Co-organizers Deb Parent and Kavita Dogra at the end of the rally at Nathan Phillips Square.
The 60-year-old self-defence instructor and DJ, originally from Ottawa, was part of a small group of organizers who witnessed one of the city's biggest protests.
"In 40 years of marching and protesting, it's the first time I ever used the word love at a rally," she says. "I was so moved that my community met me there... 60,000 people showed [us] this is what love looks like, this is what love sounds like."
Deb Parent and organizers at the Toronto women's march in Toronto on Jan. 21.
Parent's activism is widespread. From working in provincial politics to a Toronto rape crisis centre to protesting for women's and gay rights over the years, she's been the face of social change in her local community.
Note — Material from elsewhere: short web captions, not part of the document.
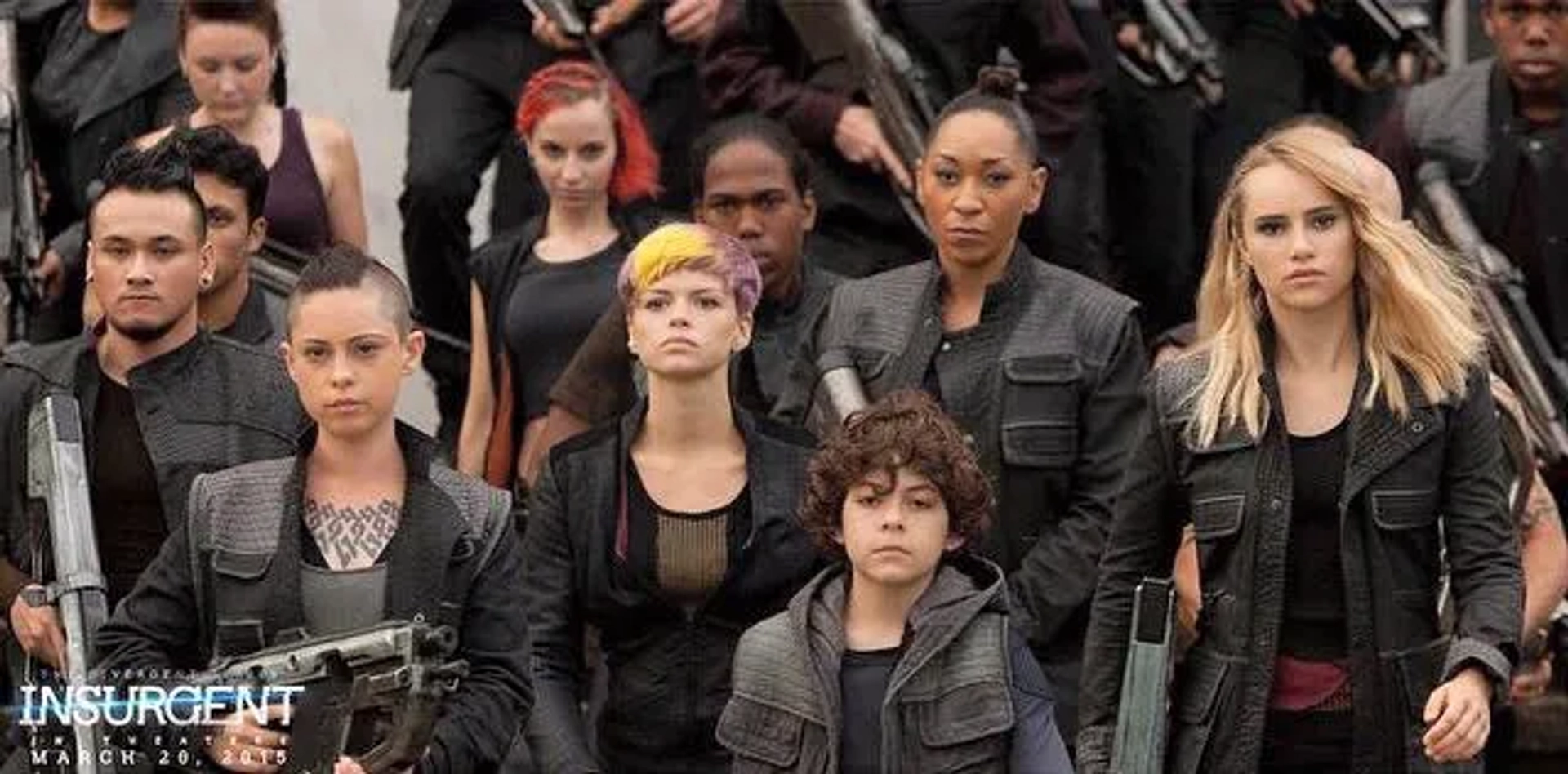 Still of Emma Elle Roberts, Rosa Salazar, Emjay Anthony, and Suki Waterhouse with the Dauntless Rebels for the film Insurgent.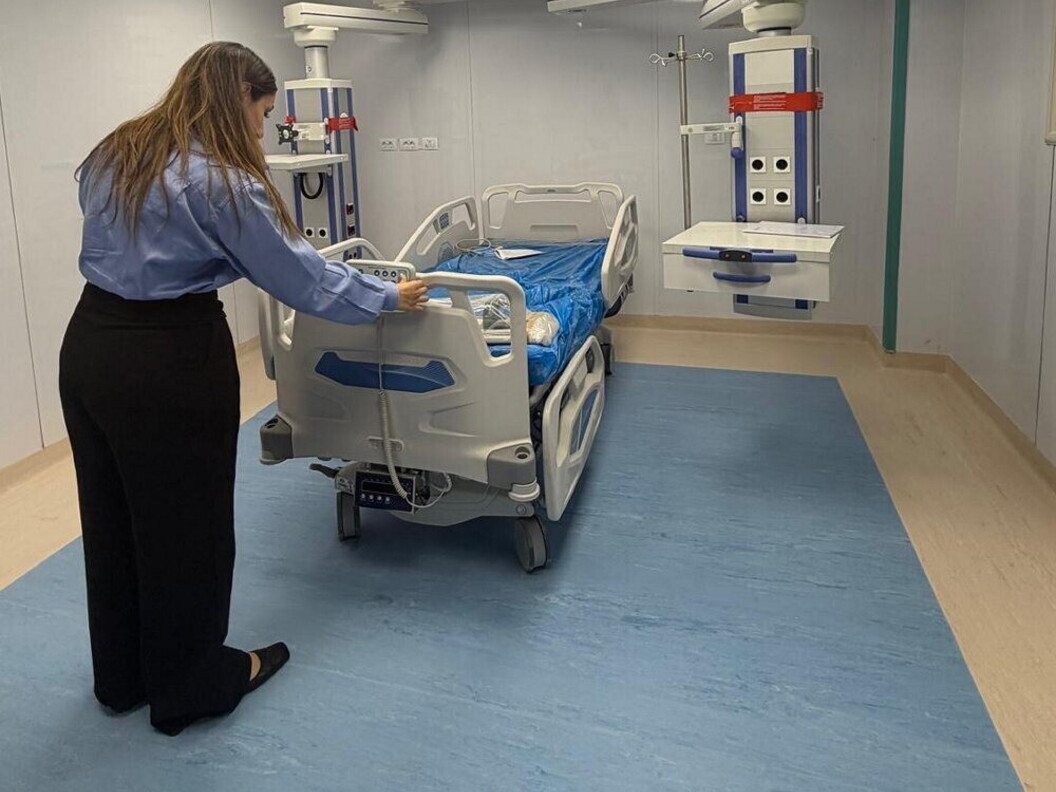 A nurse adjusts a hospital bed in a ward with blue flooring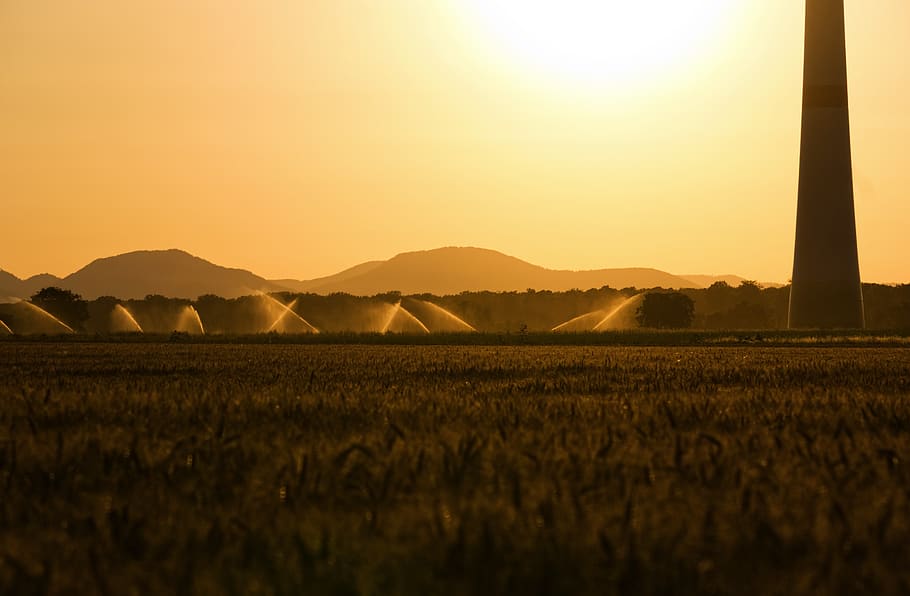 sunset, backlighting, irrigation, pinwheel, dazzle, mood, haze HD wallpaper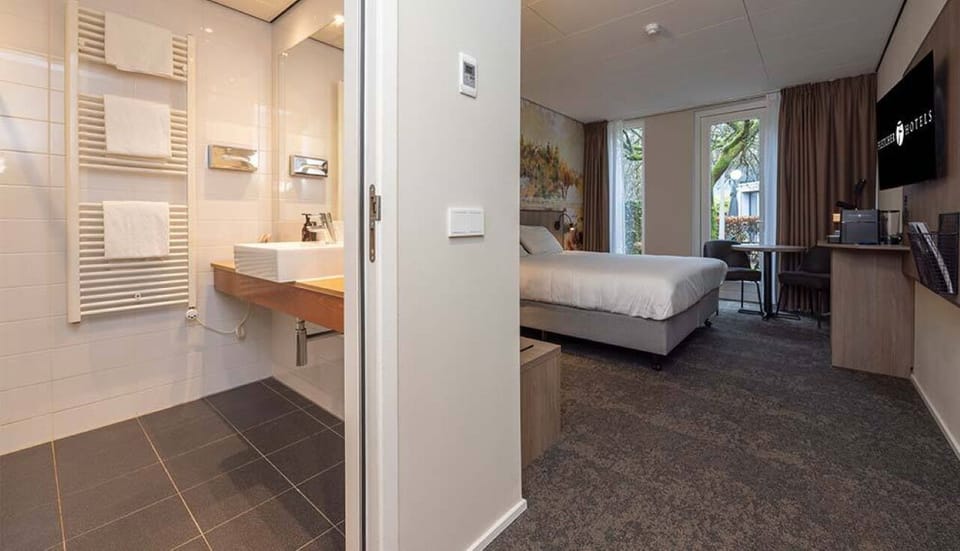 Step easily from sleep to a bright, spa-clean wash area.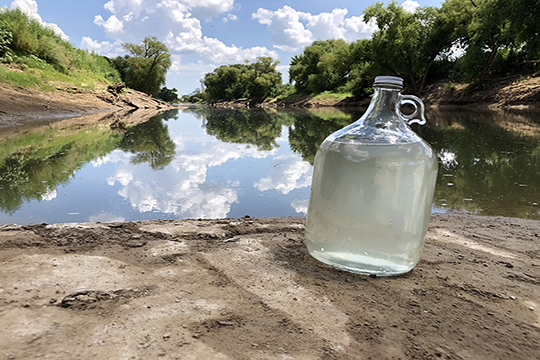 jug of water sitting by a river with blue sky and clouds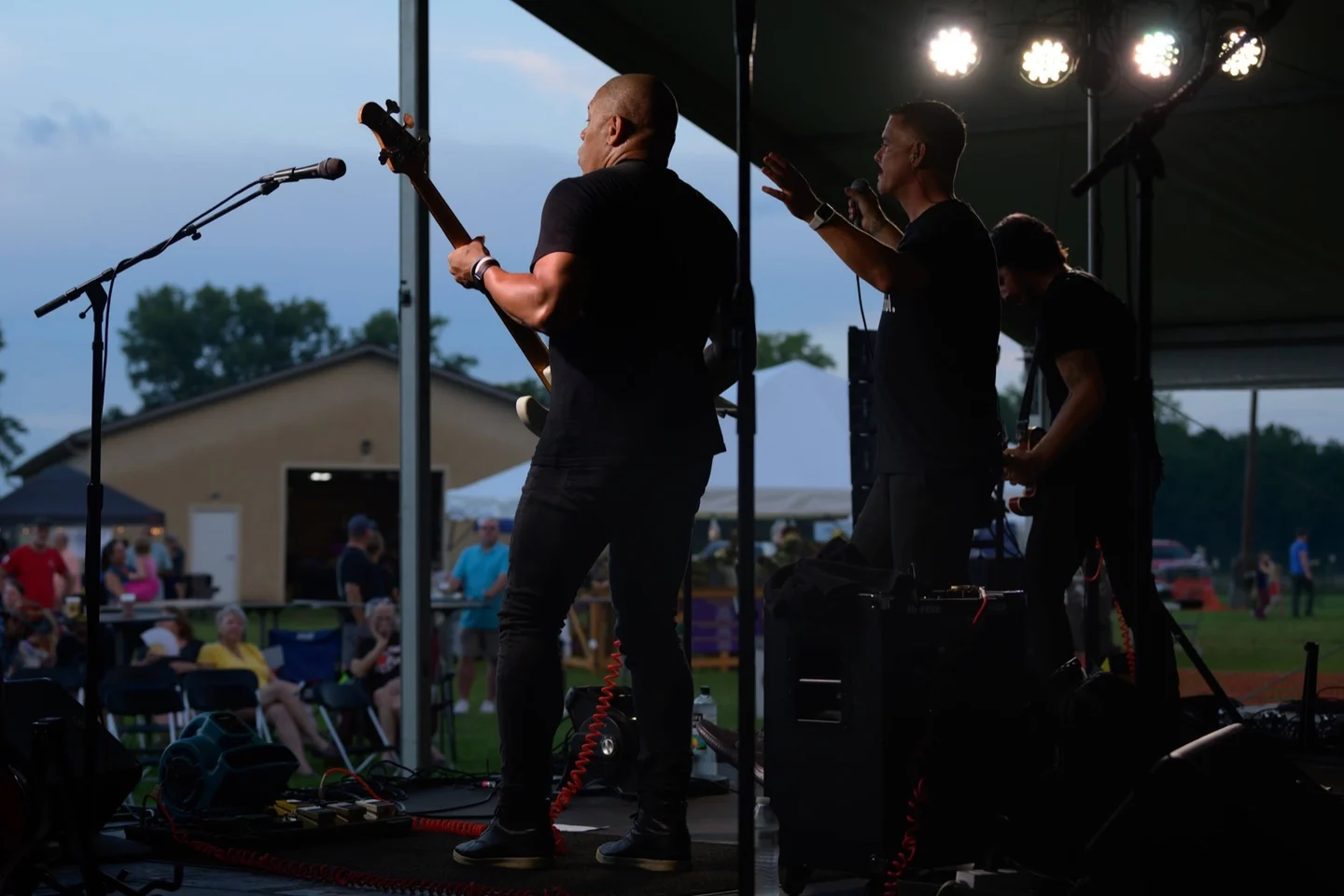 Band performing on stage at dusk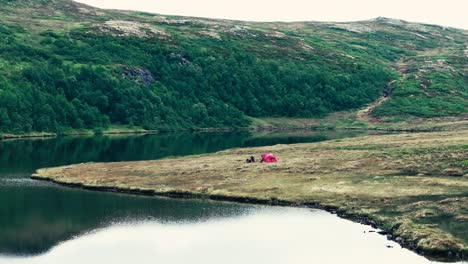 Un-Hombre-Y-Su-Perro-Se-Relajan-Junto-A-Su-Tienda-De-Campaña-En-La-Orilla-Del-Lago-Interior-Kjøåkertjønna-En-Osen,-Trøndelag,-Noruega---Toma-Aérea-Con-Dron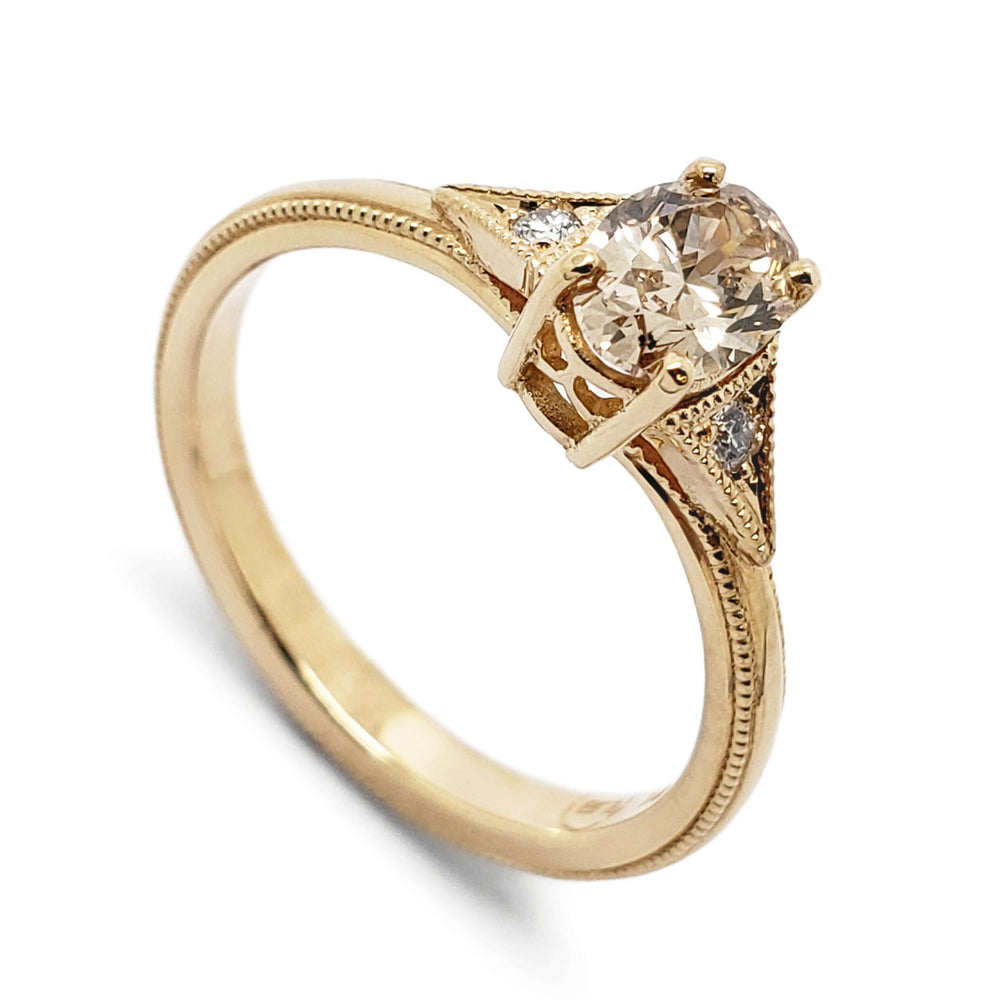 14kt yellow gold engagement ring with oval champagne diamond and side Canadian diamonds
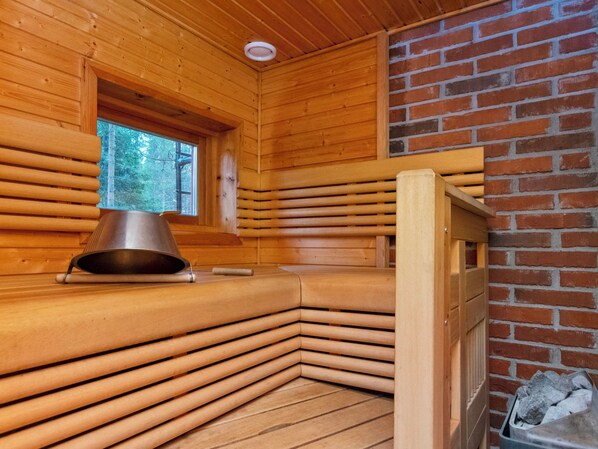A sauna room with wooden walls, a window, and a metal heater.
But her true passion for activism started when she was 19. After coming out at the age of 12 in 1969, the same year of the Stonewall Riots in New York City, she joined the gay liberation movement in Ottawa with her lover.
"I was lucky enough to ride that wave of the gay liberation movement and one of my lovers in my late teens, Marie Robertson, was one of the first feminists that I have ever met."
Parent and Robertson protesting in 1977 after the CBC released a public policy on airing controversial content.
And with such a positive response following the march, Parent and her team are working on several events in March, including one for International Women's Day.
"I think this is what the revolution looks like. The revolution may not be televised but it's going to be digitized for sure."